This document describes technical details of the system cb_WET
- Web-Tracking and the software cb_WET-server necessary
for it. Introductory information, possible applications, system
prerequisites and the advantages of cb_WET are summarized
in the short info.
Contents
Introduction
cb_WET is a system, which tracks the access to web
pages, writes the resulting data to logfiles and (optionally)
displays the data "live". The logfiles correspond
to the "combined logfile format (DLF)" , standardized
by the W3C. With the use of common logfile-analyzing tools,
the logged data can be processed to any desired report.
cb_WET summarizes the advantages of the methods "webserver
logs" (detailed data in standardized format) and "third
party tracking systems" (relatively simple handling of
the integration in web pages) and offers additional advantages.
All aspects of the data acquisition, as well as the logged
data itself remain under full control of the user of cb_WET.
Mode of operation
The software for the cb_WET-server is installed on
a computer (Windows NT, 2000, XP) inside the target network
(Internet or Intranet). This computer can be an already existing
server.
All web pages, which should be monitored, must be equipped
with a hyperlink to an image file at the cb_WET-server.
This hyperlink can be inserted directly into the HTML code
or it can be generated dynamically (either with a CGI-program
at the server or with Java-Script at the client).
When the webbrowser requests the image file, additional data
is transmitted to cb_WET (in the URL and the HTTP header
of the request).
From the view of the client, the cb_WET-server behaves
like a "normal" webserver, i.e. it returns the requested
image file. The fundamental difference however is, that the
server always returns the same image file, independently of
the requested URL. The data, which was transmitted by the
client (with the the request), is analyzed, completed if necessary,
written to the logfile and displayed on the userinterface.
Restrictions
All methods, which use hyperlinks to image files to count
access to web pages (like cb_WET), will not work for
clients, which do not load image files. This case can arise,
if the client is a textbased browser (quite uncommon today),
or if the loading of images was deactivated by the user. Even
cb_WET can not solve this problem.
Beyond that all other methods (e.g. webserver logs) will
deliver inaccurate results, if a HTTP request from a client
is "intercepted" by a HTTP cache (e.g. from a proxy
server or from browser internal caches). This problem is solved
by cb_WET with certain methods (e.g. parameters in
the HTTP response), details see below.
Recorded data
During a HTTP request the following data is (usually) available
for the server:
- IP address of the client (can be used to determine the
hostname) or an intermediate proxy
- URL (path and filename) of the requested document, possibly
additional parameters in the URL
- HTTP header parameters (e.g. user agent, referrer etc.)
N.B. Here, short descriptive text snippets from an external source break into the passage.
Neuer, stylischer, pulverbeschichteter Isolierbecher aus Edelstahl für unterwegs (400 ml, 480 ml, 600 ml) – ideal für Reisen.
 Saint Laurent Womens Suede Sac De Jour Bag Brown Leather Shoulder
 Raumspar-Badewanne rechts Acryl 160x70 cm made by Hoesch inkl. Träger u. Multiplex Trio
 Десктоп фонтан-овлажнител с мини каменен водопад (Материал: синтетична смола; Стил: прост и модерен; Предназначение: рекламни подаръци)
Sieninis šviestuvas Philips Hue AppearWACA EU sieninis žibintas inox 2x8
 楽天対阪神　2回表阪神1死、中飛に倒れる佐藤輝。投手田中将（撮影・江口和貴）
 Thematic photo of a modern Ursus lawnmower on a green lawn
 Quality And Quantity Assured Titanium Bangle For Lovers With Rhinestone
- timestamp of the request
When using cb_WET, any further information can be
"packed" into the URL and/or the URL parameters.
This additional information will also be logged and is available
for later analyses. This concept is called "virtual URLs"
(see below).
Image file
Although any image file (e.g. a logo) could be used with
cb_WET, tracking systems usually use "invisible
images" (imagesize 1 x 1 pixels, transparent color).
Virtual URLs
The cb_WET-server works independently of the requested
URL, i.e. it ignores the path, the filename and the URL parameters
in the request and always returns the same image file (however
the requested URL will be logged "normally").
This means, that the client can request "virtual URLs"
(nonexisting files in nonexisting directories) and nevertheless
receives a valid (and meaningful) response (a normal webserver
would react with an error message).
Because of the fact, that the user of cb_WET can specify
the hyperlink in any way, the path information, the filename
and the URL parameters can be used to "encode" any
arbitrary additional information.
The concept of the virtual URLs can be used for flexible
types of data collection. An obvious application is the creation
of own logical structures for logging and analyses, which
is completely independent of the directory/file structures
of the webservers. See the following examples:
- Logically connected web pages (e.g. for a product, a project,
a department ...), which are located in different directories,
can be mapped to common (virtual) directories.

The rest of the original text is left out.